It’s great to have food to eat, but it’s even better to get nutritious food and know how to prepare it yourself. The cooking classes we’re providing for a few teens typify the direction of much of my efforts the past year, working to build on the tiny emergency support for food and shelter, to address other more complicated areas of well being. For example, many of the teens in the families we support are not only old enough to clearly remember their families’ traumatic experiences, they’re often also responsible for caring for their younger siblings. The weight of those responsibilities coupled with being outcasts in school (or having no opportunity to study at all), usually mean these kids are the most withdrawn and vulnerable members of the family.
One outlet we’re piloting with a few of the teens is a special cooking class. I’ve hired teachers to come in and teach a fun class for the teens, who often light up when they’re in the kitchen. Cooking is an activity where they aren’t overshadowed by a parade of their cute younger siblings and they can be proud of what they learn, sharing kitchen tips with other family members and helping their parents to prepare meals.
What’s on your plate matters and besides food’s cultural significance, it’s one the quickest ways to improve a family’s quality of living. And I confess, it’s also one of my favorite topics. So I’m jumping around and speaking in a few places specifically to talk about our journey from helping families recover from poor nutrition to being able to participate in cooking classes. My goal is to use the all important feasting holidays to ask more people to support our work by donating what they would normally spend on a nice meal each month to help a needier family eat (click here for the donate page).
Besides donations, here’s a few other ways to help this holiday season:
- First off, thank you to everyone who’s taken interest in our volunteer pre-school. We have a great group of volunteers and are proud to announce expanding to a third day. This would have been impossible without people helping us fundraise enough money to provide an additional 120 meals a month and teaching materials for kids in the community every month. This project will only continue to expand in 2014 with your support and we’re still recruiting a few more long term volunteers for those interested.
- The Freshest Roots SEA to S.E.A. donation drive is reaching from Seattle to South East Asia by collecting donations at the Langston Hughes Performing Arts Institute and even at their community open mic events. That’s everything from clothing to books to cash. Visit their facebook page if you’re interested and in the area.
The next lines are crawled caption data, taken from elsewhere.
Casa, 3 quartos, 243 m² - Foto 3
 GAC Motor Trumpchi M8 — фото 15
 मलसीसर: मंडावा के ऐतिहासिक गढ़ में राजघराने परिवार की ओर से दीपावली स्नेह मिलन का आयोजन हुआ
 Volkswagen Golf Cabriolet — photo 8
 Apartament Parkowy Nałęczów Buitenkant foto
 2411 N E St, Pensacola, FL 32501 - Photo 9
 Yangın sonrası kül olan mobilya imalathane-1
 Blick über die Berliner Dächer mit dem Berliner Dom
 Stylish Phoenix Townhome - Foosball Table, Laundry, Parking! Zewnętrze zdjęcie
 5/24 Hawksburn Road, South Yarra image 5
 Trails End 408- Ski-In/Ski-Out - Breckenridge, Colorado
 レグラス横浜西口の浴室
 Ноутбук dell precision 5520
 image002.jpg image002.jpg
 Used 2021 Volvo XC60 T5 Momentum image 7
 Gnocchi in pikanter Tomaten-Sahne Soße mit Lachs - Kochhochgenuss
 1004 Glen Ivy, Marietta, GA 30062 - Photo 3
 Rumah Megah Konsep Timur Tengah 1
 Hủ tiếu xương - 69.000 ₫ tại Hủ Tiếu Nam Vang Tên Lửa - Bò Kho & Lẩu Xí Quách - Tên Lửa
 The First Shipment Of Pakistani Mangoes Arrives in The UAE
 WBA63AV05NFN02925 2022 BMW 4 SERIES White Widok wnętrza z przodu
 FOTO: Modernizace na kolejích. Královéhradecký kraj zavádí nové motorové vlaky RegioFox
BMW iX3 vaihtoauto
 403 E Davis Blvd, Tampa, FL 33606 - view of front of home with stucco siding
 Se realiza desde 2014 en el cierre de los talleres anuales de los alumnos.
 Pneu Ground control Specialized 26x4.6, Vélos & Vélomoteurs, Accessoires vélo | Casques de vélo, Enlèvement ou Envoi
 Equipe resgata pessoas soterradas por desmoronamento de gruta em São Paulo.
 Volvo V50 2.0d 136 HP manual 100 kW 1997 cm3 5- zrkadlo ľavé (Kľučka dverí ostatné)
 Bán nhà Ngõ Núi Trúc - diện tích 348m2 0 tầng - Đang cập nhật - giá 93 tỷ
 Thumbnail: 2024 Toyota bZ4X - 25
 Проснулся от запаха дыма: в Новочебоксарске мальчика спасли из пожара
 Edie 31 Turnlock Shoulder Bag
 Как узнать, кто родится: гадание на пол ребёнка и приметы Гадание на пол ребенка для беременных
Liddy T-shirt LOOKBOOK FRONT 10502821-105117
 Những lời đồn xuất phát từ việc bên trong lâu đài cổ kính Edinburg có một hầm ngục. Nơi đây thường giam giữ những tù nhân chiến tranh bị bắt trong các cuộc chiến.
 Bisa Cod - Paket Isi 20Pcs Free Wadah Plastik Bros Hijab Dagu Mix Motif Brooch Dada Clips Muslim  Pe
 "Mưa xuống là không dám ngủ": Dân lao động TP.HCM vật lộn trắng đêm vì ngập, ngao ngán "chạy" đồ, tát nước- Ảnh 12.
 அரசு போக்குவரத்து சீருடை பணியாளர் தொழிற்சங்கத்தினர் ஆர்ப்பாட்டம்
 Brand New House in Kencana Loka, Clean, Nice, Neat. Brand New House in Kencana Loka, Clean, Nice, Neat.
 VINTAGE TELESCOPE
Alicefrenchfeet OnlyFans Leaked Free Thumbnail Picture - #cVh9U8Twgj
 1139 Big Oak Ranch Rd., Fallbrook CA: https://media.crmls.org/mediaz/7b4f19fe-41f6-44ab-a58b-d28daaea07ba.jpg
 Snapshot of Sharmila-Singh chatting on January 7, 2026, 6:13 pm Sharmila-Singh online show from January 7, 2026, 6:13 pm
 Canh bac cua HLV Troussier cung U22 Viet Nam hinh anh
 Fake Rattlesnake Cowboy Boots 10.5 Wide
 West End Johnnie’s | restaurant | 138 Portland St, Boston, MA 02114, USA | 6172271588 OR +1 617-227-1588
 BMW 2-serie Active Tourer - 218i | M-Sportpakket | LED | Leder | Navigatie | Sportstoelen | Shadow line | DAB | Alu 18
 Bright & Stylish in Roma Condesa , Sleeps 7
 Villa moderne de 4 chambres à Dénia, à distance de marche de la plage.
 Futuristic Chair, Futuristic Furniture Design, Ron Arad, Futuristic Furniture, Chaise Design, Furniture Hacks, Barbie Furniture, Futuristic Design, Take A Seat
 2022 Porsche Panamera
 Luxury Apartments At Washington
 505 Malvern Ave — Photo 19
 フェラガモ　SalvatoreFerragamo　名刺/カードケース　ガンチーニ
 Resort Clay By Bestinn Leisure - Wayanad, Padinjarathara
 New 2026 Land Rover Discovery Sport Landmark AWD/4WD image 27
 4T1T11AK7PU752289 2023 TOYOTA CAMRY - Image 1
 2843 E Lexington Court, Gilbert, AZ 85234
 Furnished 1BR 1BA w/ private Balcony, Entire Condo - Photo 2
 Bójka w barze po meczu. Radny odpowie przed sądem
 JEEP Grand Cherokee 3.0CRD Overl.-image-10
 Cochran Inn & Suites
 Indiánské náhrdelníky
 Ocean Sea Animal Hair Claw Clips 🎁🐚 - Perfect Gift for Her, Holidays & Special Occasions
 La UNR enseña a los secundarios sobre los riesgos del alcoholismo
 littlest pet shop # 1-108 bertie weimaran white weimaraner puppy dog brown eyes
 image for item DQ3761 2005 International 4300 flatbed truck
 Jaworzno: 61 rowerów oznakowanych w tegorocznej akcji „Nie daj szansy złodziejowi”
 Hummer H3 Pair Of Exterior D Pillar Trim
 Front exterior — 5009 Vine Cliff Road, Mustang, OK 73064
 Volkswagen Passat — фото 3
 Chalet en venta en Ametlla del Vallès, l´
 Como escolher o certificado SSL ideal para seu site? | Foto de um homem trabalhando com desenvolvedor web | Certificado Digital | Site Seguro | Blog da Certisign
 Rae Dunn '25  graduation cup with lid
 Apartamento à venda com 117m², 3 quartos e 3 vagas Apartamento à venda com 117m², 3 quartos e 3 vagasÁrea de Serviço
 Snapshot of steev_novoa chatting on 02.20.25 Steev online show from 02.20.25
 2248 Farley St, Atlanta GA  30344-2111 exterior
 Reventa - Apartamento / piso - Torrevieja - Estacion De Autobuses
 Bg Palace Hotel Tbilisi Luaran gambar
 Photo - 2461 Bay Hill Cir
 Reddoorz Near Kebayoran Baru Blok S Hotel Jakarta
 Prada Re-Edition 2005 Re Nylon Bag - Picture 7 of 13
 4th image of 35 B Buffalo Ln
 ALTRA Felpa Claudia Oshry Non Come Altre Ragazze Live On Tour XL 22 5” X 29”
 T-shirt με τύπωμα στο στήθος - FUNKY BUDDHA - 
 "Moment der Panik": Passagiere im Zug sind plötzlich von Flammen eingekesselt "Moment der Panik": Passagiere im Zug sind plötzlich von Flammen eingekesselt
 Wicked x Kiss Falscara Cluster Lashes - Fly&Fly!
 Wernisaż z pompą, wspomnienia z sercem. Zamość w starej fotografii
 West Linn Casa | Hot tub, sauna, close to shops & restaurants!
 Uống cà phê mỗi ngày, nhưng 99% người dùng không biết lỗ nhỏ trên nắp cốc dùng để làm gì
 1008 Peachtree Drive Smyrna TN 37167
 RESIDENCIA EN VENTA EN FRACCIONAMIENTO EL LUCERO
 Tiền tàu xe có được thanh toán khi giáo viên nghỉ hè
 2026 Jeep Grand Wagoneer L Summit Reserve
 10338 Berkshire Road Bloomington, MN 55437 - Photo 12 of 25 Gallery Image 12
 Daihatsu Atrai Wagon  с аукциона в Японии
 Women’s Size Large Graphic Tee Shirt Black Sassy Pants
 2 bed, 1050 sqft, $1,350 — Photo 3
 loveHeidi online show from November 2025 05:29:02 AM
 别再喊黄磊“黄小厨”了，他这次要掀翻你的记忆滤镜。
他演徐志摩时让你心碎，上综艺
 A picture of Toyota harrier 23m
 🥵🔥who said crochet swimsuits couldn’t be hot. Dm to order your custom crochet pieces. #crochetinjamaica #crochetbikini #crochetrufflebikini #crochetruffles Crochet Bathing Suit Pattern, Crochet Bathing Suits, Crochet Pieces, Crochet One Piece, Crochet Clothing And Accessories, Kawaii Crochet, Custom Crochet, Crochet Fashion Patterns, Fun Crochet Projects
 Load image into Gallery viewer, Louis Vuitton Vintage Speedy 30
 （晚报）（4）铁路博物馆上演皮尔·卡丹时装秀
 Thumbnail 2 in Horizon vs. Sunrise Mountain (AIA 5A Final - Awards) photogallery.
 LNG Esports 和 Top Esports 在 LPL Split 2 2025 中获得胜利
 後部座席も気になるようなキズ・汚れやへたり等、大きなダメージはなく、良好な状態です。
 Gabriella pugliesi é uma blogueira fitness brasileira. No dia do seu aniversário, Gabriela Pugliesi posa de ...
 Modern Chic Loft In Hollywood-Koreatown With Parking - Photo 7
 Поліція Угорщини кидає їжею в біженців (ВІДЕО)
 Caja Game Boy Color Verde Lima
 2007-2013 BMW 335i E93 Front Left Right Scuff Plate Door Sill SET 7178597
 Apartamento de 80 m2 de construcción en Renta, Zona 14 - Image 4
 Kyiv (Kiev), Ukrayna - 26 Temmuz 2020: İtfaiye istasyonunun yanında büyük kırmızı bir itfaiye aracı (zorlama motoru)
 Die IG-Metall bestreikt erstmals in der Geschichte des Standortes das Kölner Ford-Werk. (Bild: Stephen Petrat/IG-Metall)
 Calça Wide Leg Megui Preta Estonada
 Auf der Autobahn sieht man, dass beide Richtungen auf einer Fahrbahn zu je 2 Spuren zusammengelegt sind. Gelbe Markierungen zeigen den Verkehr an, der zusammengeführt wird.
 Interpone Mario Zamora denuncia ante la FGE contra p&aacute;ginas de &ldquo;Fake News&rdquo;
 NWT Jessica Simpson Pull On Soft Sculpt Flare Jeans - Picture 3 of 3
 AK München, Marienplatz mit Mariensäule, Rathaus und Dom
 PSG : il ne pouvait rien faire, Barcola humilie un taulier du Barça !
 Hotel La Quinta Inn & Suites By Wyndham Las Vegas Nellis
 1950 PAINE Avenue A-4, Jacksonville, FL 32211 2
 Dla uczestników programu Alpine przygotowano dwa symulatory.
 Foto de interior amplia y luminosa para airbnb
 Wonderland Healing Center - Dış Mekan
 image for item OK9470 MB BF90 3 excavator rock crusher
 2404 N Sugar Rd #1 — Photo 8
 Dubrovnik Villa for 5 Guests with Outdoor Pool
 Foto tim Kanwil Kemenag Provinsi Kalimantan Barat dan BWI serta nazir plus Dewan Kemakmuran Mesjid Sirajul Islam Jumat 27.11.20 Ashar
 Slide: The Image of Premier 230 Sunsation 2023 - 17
- Not only am I speaking about using food to create social change this week, we’re also hosting our charity food fest again to start thanksgiving week off eating well and giving big. The money we raise is not only helping provide food and shelter, it helps us fund our cooking classes and special activities. Click here for the facebook invite with more details if you’re based in Bangkok.
- If you’re elsewhere and want to help, don’t forget the Lit Coffee website has finally launched. You can buy specialty coffee online and sign up for one of their subscriptions (hint: ask your local coffee shop to do the same). Visit getlitcoffee.com for more info and check out their ‘house blend‘ coffee which will actually help us provide housing!
I’m working hard to finish the year strong and share our work with more people. My goal is to double the number of people we have donating the cost of a meal each month. Wish me luck!